Per la prima volta nella storia dei Giubilei, infatti, tenendo anche conto la difficile situazione economica di tanti fedeli in giro per il mondo, il primo Pontefice della globalizzazione ha stabilito sin da subito che una porta santa si sarebbe aperta in ogni cattedrale o chiesa maggiore di ogni diocesi del mondo. Francesco stesso, per sottolineare il concetto, ha anticipato, di fatto, l’avvio dell’anno santo aprendo la porta santa della cattedrale di Bangui, in Repubblica centrafricana, pochi giorni prima di aprire quella di San Pietro, l’otto dicembre. Nel frattempo, sull’organizzazione del Giubileo erano cadute tre tegole. Il 30 ottobre 2015 era decaduto il sindaco di Roma Ignazio Marino, in polemica con il suo partito (Pd) e la sua giunta, e per Roma si è avviata il commissariamento, prima, e, la scorsa primavere, l’insediamento di una nuova Giunta, guidata dalla grillina Virginia Raggi, i cui inizi sono stati non privi di difficoltà. Le promesse dell’epoca di Marino (per quanto limitati per l’austerity, lavori pubblici, organizzazione, pulizia) sono rimaste, a volte, sulla carta. Il cinque novembre successivo è iniziato al tribunale di Roma il processo a “mafia capitale”, un procedimento tuttora in corso durante il quale, peraltro, un imputato chiave ha indicato proprio il Giubileo del 2000, precedente di quello che si è chiuso ieri, come il laboratorio in cui è nato il sodalizio messo sotto la lente di ingrandimento dagli inquirenti romani.

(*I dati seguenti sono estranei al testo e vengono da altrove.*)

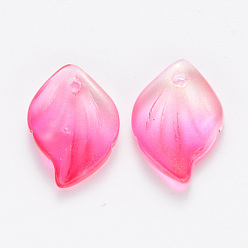 Deep Pink Transparent Spray Painted Glass Pendants, with Glitter Powder, Leaf, Deep Pink, 16x11.5x3.5mm, Hole: 1.5mm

Il 13 novembre, infine, gli attentati di Parigi, il timore che l’Isis volesse colpire anche Roma, la sicurezza che blinda la capitale d’Italia per un Giubileo della misericordia che parte con foze dell’ordine e esercito in ogni angolo della città. Alla fine il risultato è stato un calo, relativo, del numero di pellegrini giunti a Roma. Secondo l’arcivescovo Rino Fisichella, “hanno partecipato al Giubileo qui in Roma 21.292.926 pellegrini”, mentre la valutazione è che siano stati “900-950 milioni di fedeli che in tutto il mondo hanno attraversato la Porta Santa”. Cifre non certo verificabili, ma in ogni caso, inferiori ai 32 milioni del Grande Giubileo dell’Anno 2000. Sempre secondo monsignore, a Roma nel corso dell’evento si sono riscontrati “limiti strutturali ed organizzativi”. “Del resto – tuona Fisichella – per tutto l’Anno Santo bastava andare intorno al Vaticano, a Borgo, in via dei Corridori per constatarne le precarietà in materia di pulizia e manutenzione. E’ mancata, inoltre, una dimensione culturale all’altezza degli eventi giubilari. Non sono state organizzati mostre ed eventi artistici. I pellegrini hanno visto i grandi limiti strutturali di Roma, senza tuttavia perdere di vista la dimensione spirituale del Giubileo che non è mai mancata”.